Package metric provides Prometheus-based metrics collection and HTTP server for StreamKit platform monitoring and observability.

The package offers a centralized metrics registry managing both core platform metrics (service status, message processing, NATS health) and custom service-specific metrics.
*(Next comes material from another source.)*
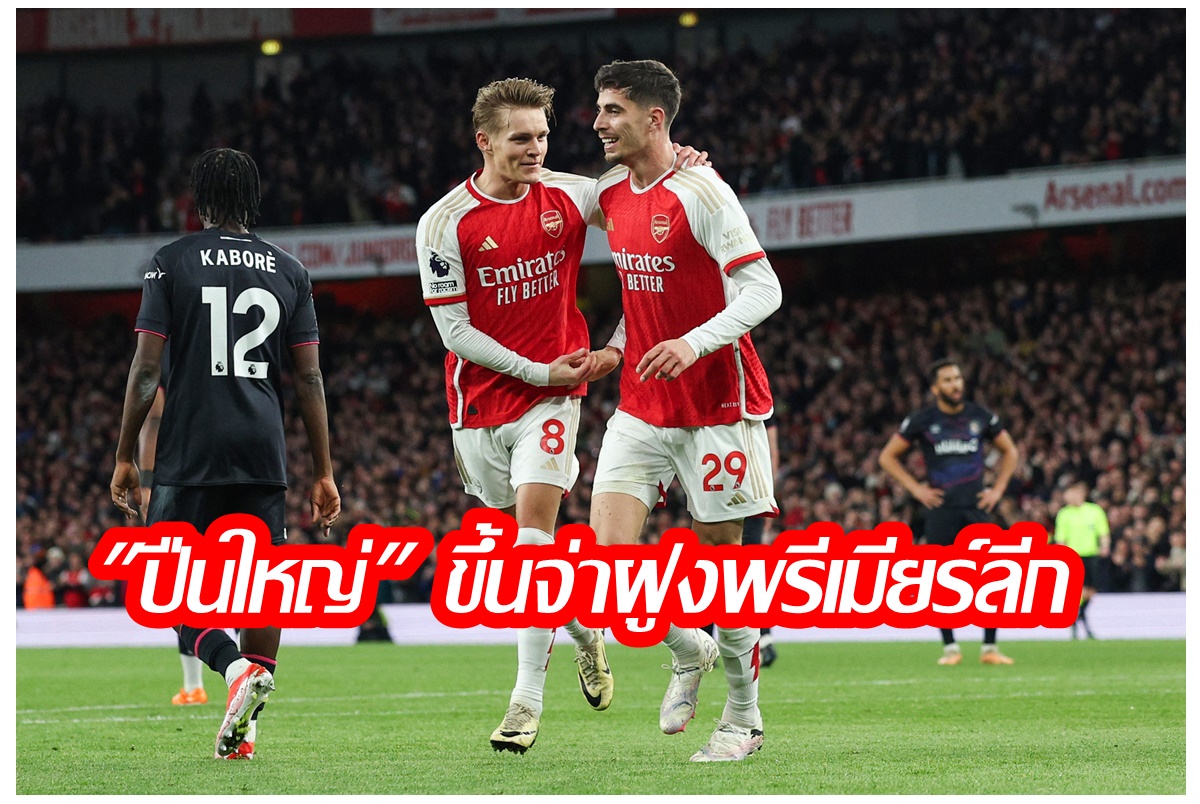 ตามเป้า "อาร์เซน่อล" ชนะ "ลูตัน" 2-0 แซง "ลิเวอร์พูล" ขึ้นจ่าฝูงพรีเมียร์ลีก 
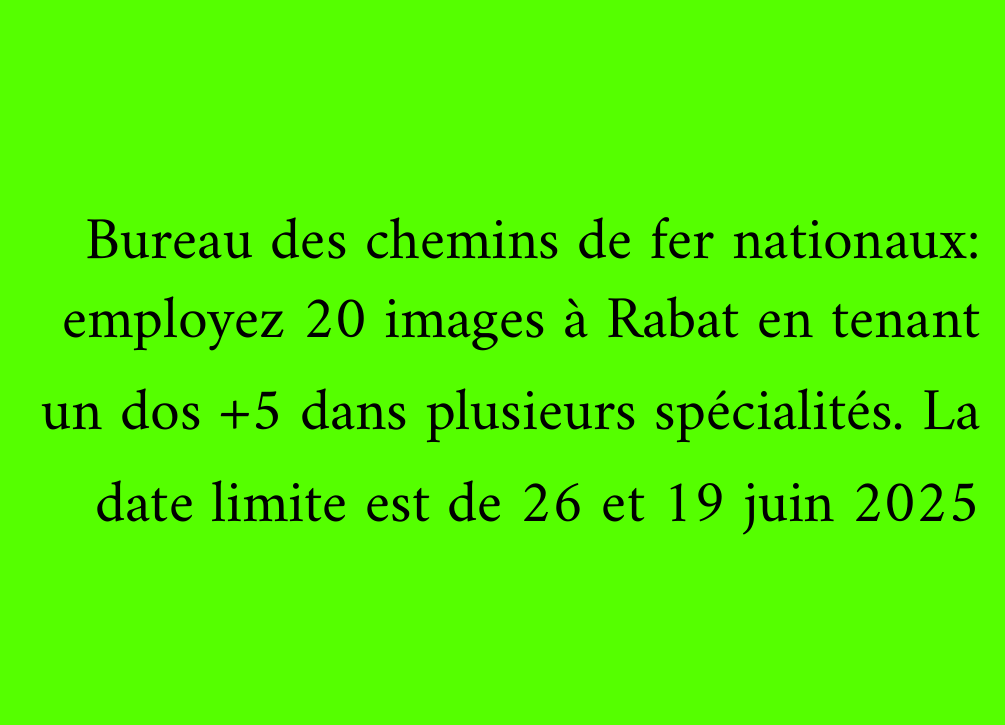 Bureau des chemins de fer nationaux: employez 20 images à Rabat en tenant un dos +5 dans plusieurs spécialités. La date limite est de 26 et 19 juin 2025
It includes an HTTP server exposing metrics in Prometheus format for monitoring system integration.

Architecture ¶

The package follows a three-layer design:

Core Metrics: Platform-level metrics automatically registered (Metrics type)
Service Registry: Extensible registration for service-specific metrics (MetricsRegistrar interface)
HTTP Server: Metrics endpoint with health checks (Server type)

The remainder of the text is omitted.